# Labeling Question



## jessicascandles (Mar 12, 2013)

Hello everyone. I'm new here and this is my first post here. I have just started making cp soap three days ago. I have been doing research and watching videos for months, so I am so very excited to start experimenting. It's becoming an obsession. 

Anyway, I have a quick question about labeling. As a beginner, I just have some basic ingredients to start with so I get to know the process before I get more expensive ingredients. One of my first recipes I have tried uses crisco. My question would be, if I choose to sell this down the road, how would I label it. 

My recipe is as such:
Crisco 7oz
Olive Oil 4.5oz
Coconut Oil 4.5oz
Water 6.1oz
Lye 2.3oz
Castor Oil 0.5oz
Fragrance 0.5oz

I know that it would be along the lines of:
(Crisco?), Water, Olive Oil (Olea Europaea), Coconut Oil (Cocos Nucifera), Sodium Hydroxide, Castor Oil (Ricinus Communis), Fragrance

Any tips or help would be much appreciated! :-D


----------



## Shannon_m (Mar 12, 2013)

I would list the ingredients listed on the Crisco packaging. Fully hydrogenated palm and soybean oils etc etc.


----------



## Seifenblasen (Mar 12, 2013)

Agree with Shannon.  I don't eat/use Crisco and have no idea what it contains.  By listing the ingredients people have a better idea what the soap is made of (and possibly avoid any allergens).  

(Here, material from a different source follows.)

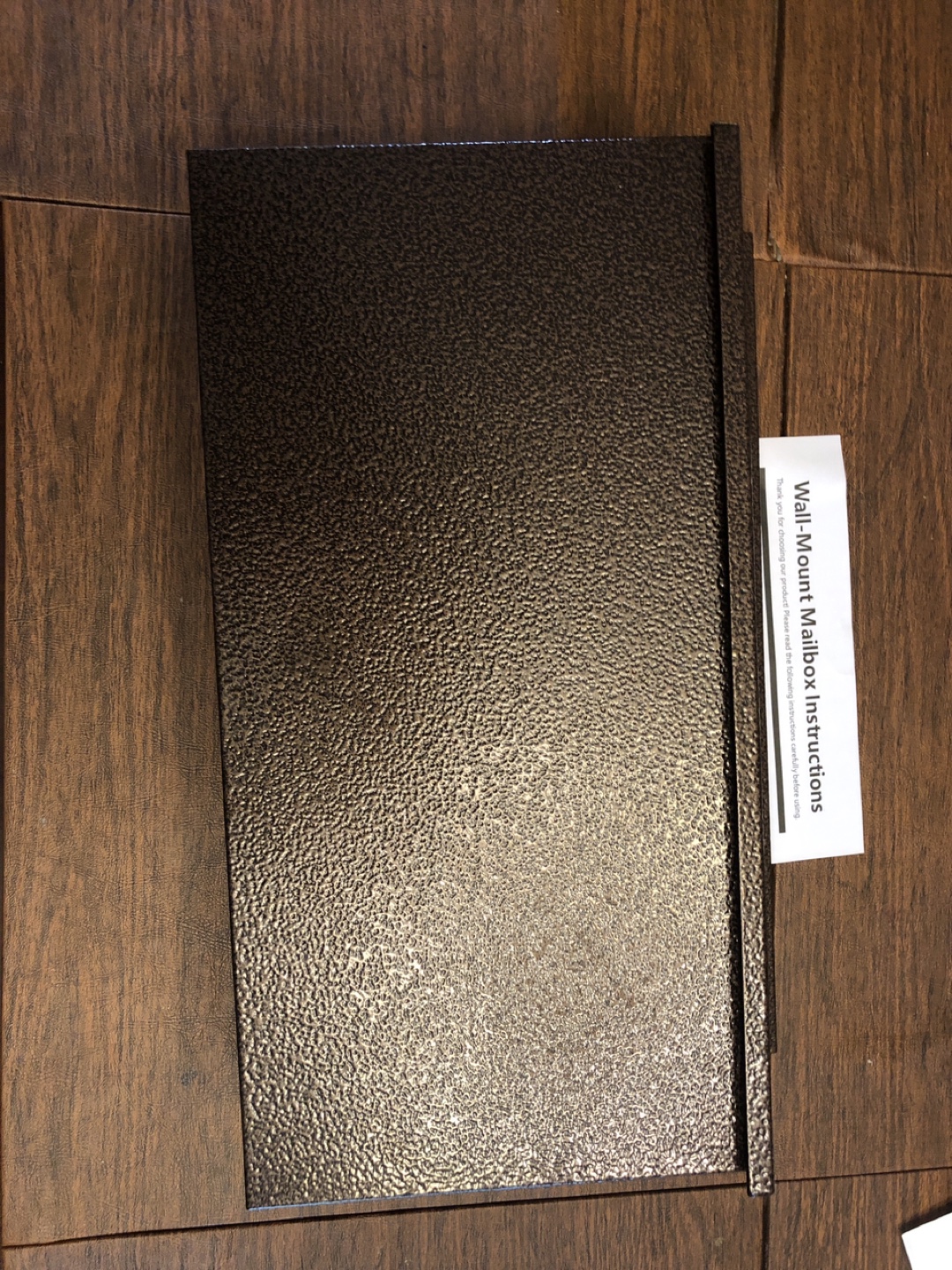 Bronze Mailbox - photo 3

I don't know about others, but personally seeing Crisco as the first ingredient listed does not have a lot of label appeal.  If you are eventually going to sell, it is probably more economical to just buy palm, soy, etc. oils in bulk instead of using Crisco anyway.


----------



## VanessaP (Mar 12, 2013)

Crisco, even with palm oil in it, can cause a very soft bar of soap. I do advise that you buy single oils. In the long run, as you decide what you like and don't like, you will save a lot of money buying that oil in bulk.

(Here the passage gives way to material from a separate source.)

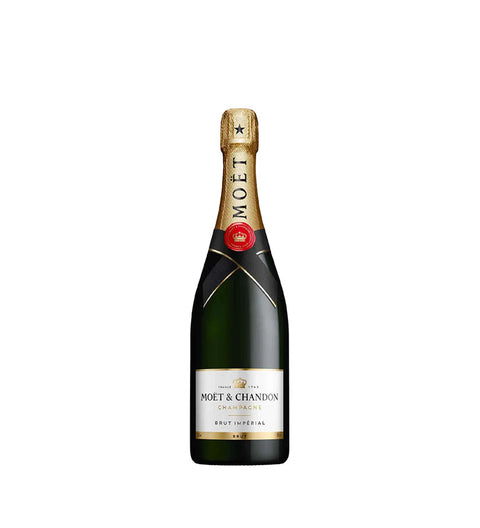 Champagne Moet Chandon Brut Botella - 750ml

That being said, in the first spot, you need to list every single item that is on the ingredients list for the Crisco before you go on with the water, olive oil, coconut oil, etc.


----------



## melstan775 (Mar 12, 2013)

I Would list crisco just as vegetable shortening. Labeling laws require you list things in the order of how much they appear. You dont know how much of what is in crisco, so just shortening should do it I think.


----------



## VanessaP (Mar 12, 2013)

So, Mel, what do you do if someone sees Vegetable Shortening, doesn't know Palm is in it and buys it and has an allergic reaction? Because that is not following labeling law, the soaper is legally responsible for it. Everything on the Crisco label has to go on the soap label in order. Label like they do with junk food. When you see Milk Chocolate on the label, all the ingredients are listed in parentheses. Milk Chocolate (cocoa powder, sugar, milk, etc)

(Palm oil, soybean oil, BHT, etc, other Crisco ingredients here), Water, Olive oil, coconut oil, etc..


----------



## jcandleattic (Mar 12, 2013)

melstan775 said:


> I Would list crisco just as vegetable shortening. Labeling laws require you list things in the order of how much they appear. You dont know how much of what is in crisco, so just shortening should do it I think.



No, not necessarily the case. Because there IS an ingredients list on Crisco, that information in the order it is on the label of the Crisco would need to be listed as the first ingredients, as Vanessa pointed out, and then the subsequent following ingredients of your soap recipe. You could list it something like this 'Vegetable Shortening (all ingredients in order of how they are on the label in parenthesis, separated by a comma), then the next ingredient in your soap"
Only with actual ingredients, not the verbiage I used as an example.


----------



## Seifenblasen (Mar 12, 2013)

melstan775 said:


> I Would list crisco just as vegetable shortening. Labeling laws require you list things in the order of how much they appear. You dont know how much of what is in crisco, so just shortening should do it I think.



I believe the way to handle this is:

Vegetable shortening (_hydrogenated palm, soy, etc._), olive oil, coconut oil, ...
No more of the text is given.